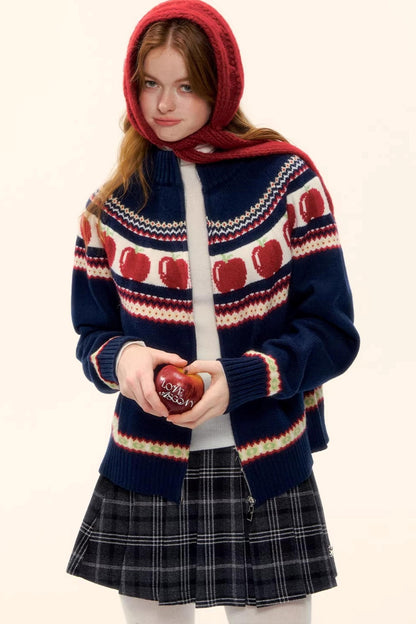 Retro Plaid Wool Skirt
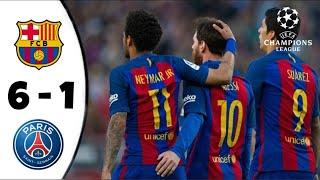 Biggest Comeback in Champions League history | Barcelona vs PSG 6-1 Highlights & All goals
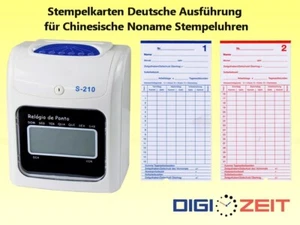 Deutsche Karten für Time-Recorder / A7  Stempeluhr je Pack 100 Stück - Bild 1 von 4
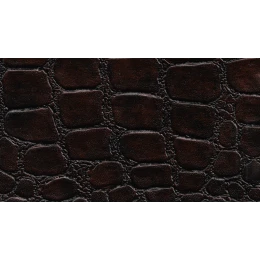 Δερματίνη με το μέτρο Manaos 4 Pu / Pvc Stone Effect Metallic Dark Brown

+++

Print the lines from the line containing "Biggest Comeback in" through the last line of the listing, exactly as they stand, and leave any pictures out.

# Answer section
 Biggest Comeback in Champions League history | Barcelona vs PSG 6-1 Highlights & All goals
 Deutsche Karten für Time-Recorder / A7  Stempeluhr je Pack 100 Stück - Bild 1 von 4
 Δερματίνη με το μέτρο Manaos 4 Pu / Pvc Stone Effect Metallic Dark Brown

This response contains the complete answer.